Kandy, the last royal capital of Sri Lanka is our next destination. ( 115kM from Colombo at 465 meters above sea level). The city established in the 15th century was the last royal capital where 2500 years of royal rule ended, Kandy was the capital of a Sinhalese kingdom from 1592 to 1815,. And as the second largest city in SL, has retained it historical importance, as Colombo is considered by most as a colonial capital city.The geographical, cultural and religious heart of Sri Lanka and the last stronghold of the Sinhalese kings, falling to the British in 1815. The main attraction of the city and also the most sacred Buddhist establishment in Sri Lanka is where one of Buddha's tooth is being kept, Dalada Maligava (the Temple of the Tooth), Built in the 16th century but improvements and additions have been done to this structure until the fall of the Kandy kingdom. A golden canopy was added recently. Daily rituals are being carried out at various offering times to the shrine. This is certainly the most touristic site/city that we so far have been to and the whole atmosphere was quite nice, the hills the lake and the temples. on the down side the traffic was quite bad.















Since our encounter with the first pair of tortoises in Turkey, this the second time we come across a tortoise while being on the road. This is a very rare site in Sri Lanka and only a few managing to survive cohesively with the expanding population, farming and pesticide and not to mentioned the road users.

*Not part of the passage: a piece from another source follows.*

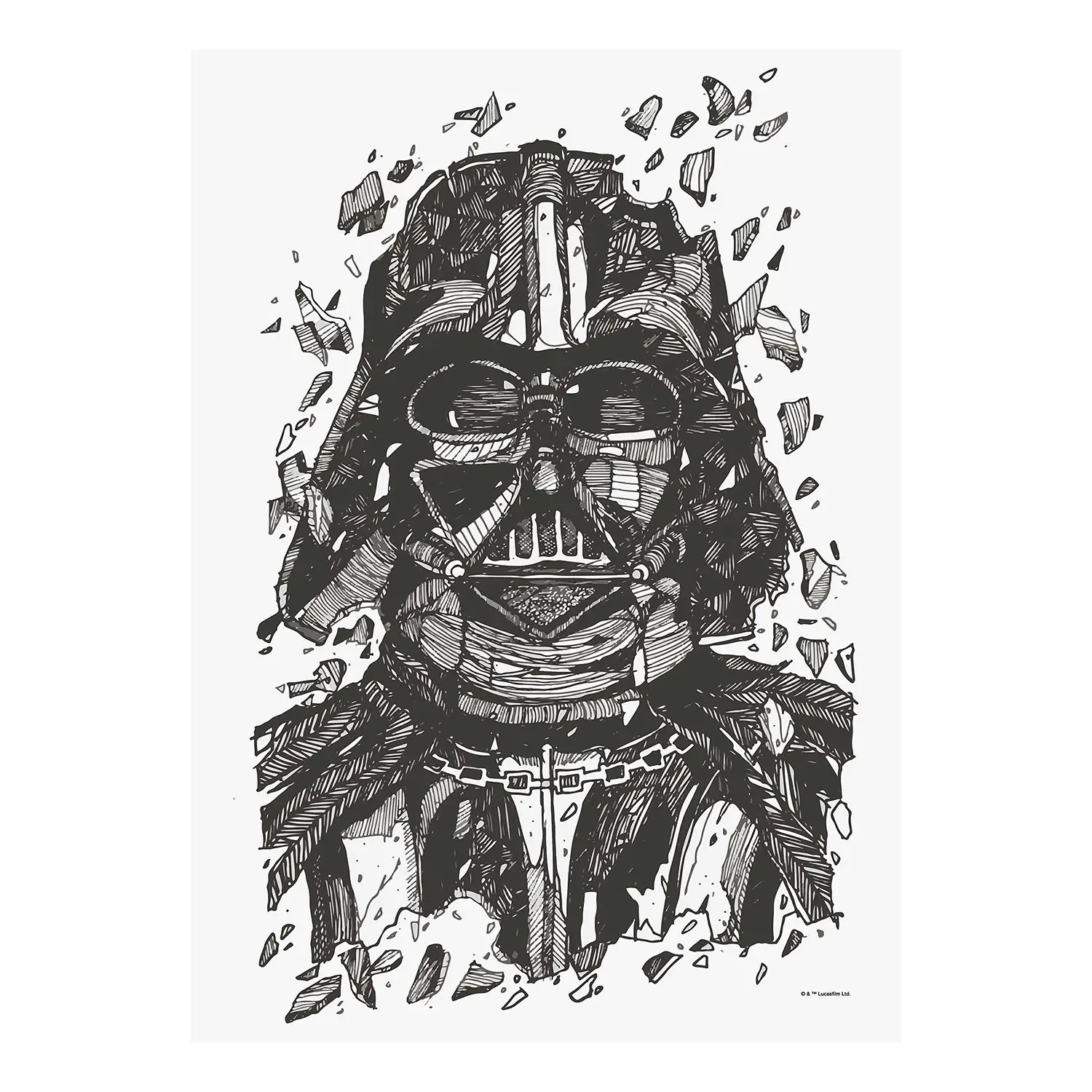 Wandbild Star Wars Darth Vader Drawing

Monday, September 03, 2007

Trincomalee situated on the East coast will be the furthest east or north we will travel in this occasion in Sri Lanka. With a huge harbour, described by the British Admiral, Lord Nelson as being “the finest natural harbour in the world”, the town and the large neval bases have seen some action the last two to three decades as they have been targeted by the LTTE terrorist. And not to mention the 2004 Tsunami.
But today there is very little going for the town. Getting here from Anuradhapura means going through number of time consuming check points but the police manning the post have been friendly and helpful.
And once you get here, there is little or no accommodation as there is virtually no tourist, local or foreign. But the some of the countries best beaches are found in the east coast, to the north and south of Trincomalee



The town centre is a hot and dusty ramshackle but lively. Here the ethnic mix of Singhalese Tamil And the Muslim is more or less even but not always harmonious but adds to the charm
The region is dotted with hot water springs that used to be popular with the locals but they are deserted these days (below). But we thought that we would drop by the most well known hot water springs and healing baths at Kanniya , again no one here except the army personal maning the nearest check points.



As we head back south towards thrill country, we came across some wild elephants grazing just of the main road.